The creditors' committee issued a statement saying that the decision was based upon a number of issues, including "valuation of, the timing and the risks associated with, and the likelihood of a successful consummation of the US Airways proposal."
Experts said the regulatory uncertainty is ultimately what doomed the takeover effort.
"There was simply no guarantee if the merger would ever [have] happened, or how long it would take," said Walter Curchack, chair of the bankruptcy practice at Loeb & Loeb. "There's a lot of liquidty there for holders of the debt once Delta comes out of bankruptcy, even if all they're getting is equity."
Jim Corridore, airline equity analyst at Standard & Poor's, said he believes the creditors passed up the more valuable offer by saying no to US Air. But he said that some members of the creditors' committee had interests other than the strictly financial.
The Air Line Pilots Association, which represents Delta pilots, is on the committee, and it was strongly opposed to the deal, which it saw as hurting the interests of its members even though US Air promised the merger would not result in any layoffs. Aircraft parts makers and other suppliers who wanted to keep good relations with Delta management in the event it won its case also sat on the committee.
Other deals could be grounded, too
Many supporters and critics of US Air's bid for Delta agreed that if those carriers had merged, that could have sparked a round of consolidation among carriers including AMR Corp. (Charts) unit American Airlines, UAL Corp. (Charts) unit United Airlines, Continental Airlines (Charts) and Northwest Airlines (Charts), which like Delta is operating in bankruptcy.
Such combinations could have left about 80 percent of the nation's air travel in the hands of three much larger airlines and led to capacity reductions and fare increases in many markets.
Many analysts have said they now believe the chance of consolidation in the industry is far less likely.
"It doesn't look like any kind of consolidation will occur this year," said S&P's Corridore. "Certainly US Air could go after someone else, but nothing is imminent."
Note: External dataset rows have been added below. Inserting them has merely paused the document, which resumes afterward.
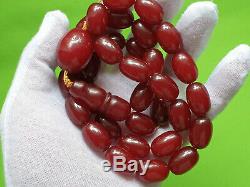 Cherry Amber Bakelite Faturan 33 Full Prayer Beads with Imame Antique 106 grams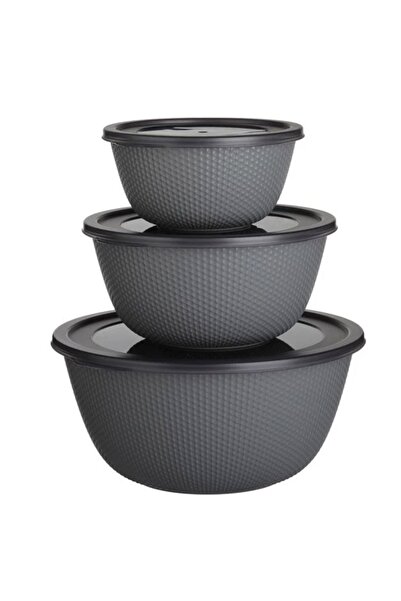 PUFO Set de 3 caserole rotunde cu capace, compatibile cu microunde, capacitat...
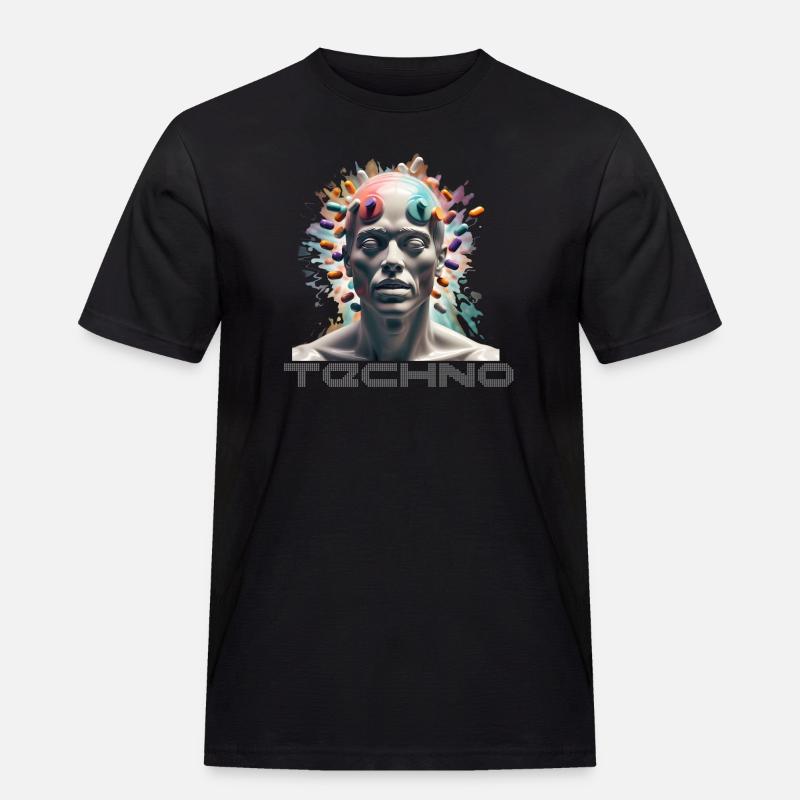 Techno Drogen Geschenk Geschenkidee - Männer Workwear T-Shirt - Schwarz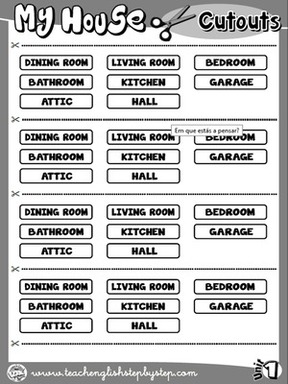 My house - Picture Dictionary Cutouts (B&W version)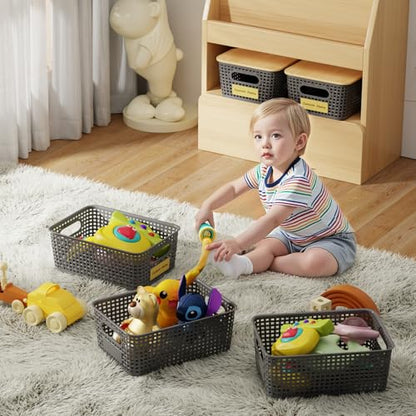 8 Pcs Plastic Storage Bins with Bamboo Lids and Labels 5.29qt Stackable Box Basket Pantry Decorative Containers, Small Storage Baskets for Drawers Organizing Closets Bedrooms Cabinets 10*7.2*4.1" - style: Gray-Bamboo Lid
Parker agreed with that view in a conference call Tuesday, saying that it was the fact that Delta was in bankruptcy and could use that court to shed leases and contracts and create cost savings for a merged airline that made it so attractive.
He said that, even though he expects Delta to have a market value well below the US Air offer when it emerges from bankruptcy, US Air would not be interested in a bid after bankruptcy.
He said he also didn't think that there would be the round of industry consolidation that everyone was forecasting in November right after US Air made its bid for Delta.
"It's my own view that if both Delta and Northwest emerge as stand alone, I don't think you'll see consolidation in this airline industry - not until next down cycle," he said.
But Anthony Sabino, professor of law and business at St. John's University and a veteran of many other airline bankruptcy cases as an attorney, said he doesn't think Delta is closing the door on other deals.
"Just because they said no to a hostile bid, doesn't mean they'd say no to a friendly bid," he remarked. "We still don't have as clear a picture when or how Northwest will get out of chapter 11."
And he said that, while US Air has affirmed it won't bid on Delta once it's out of bankruptcy, Parker has shown he's willing to be a buyer despite the airline's being smaller than other major carriers. The $10 billion he was offering for Delta is far more than the market value of any other U.S. airline other than Southwest Airlines (Charts).
"To me, all the legacy carriers are in play," Sabino commented, referring to all the old-line carriers. "There's all sort of possibilities. They're sitting around in their war rooms consumed with this. And Doug Parker has demonstrated his mettle here."
Bankruptcy lawyer Curchack agreed this doesn't close the door to airline consolidation.
"Anytime you have an industry in the kind of upheaval that airlines have been in for so long, it's ripe for consolidation," he said.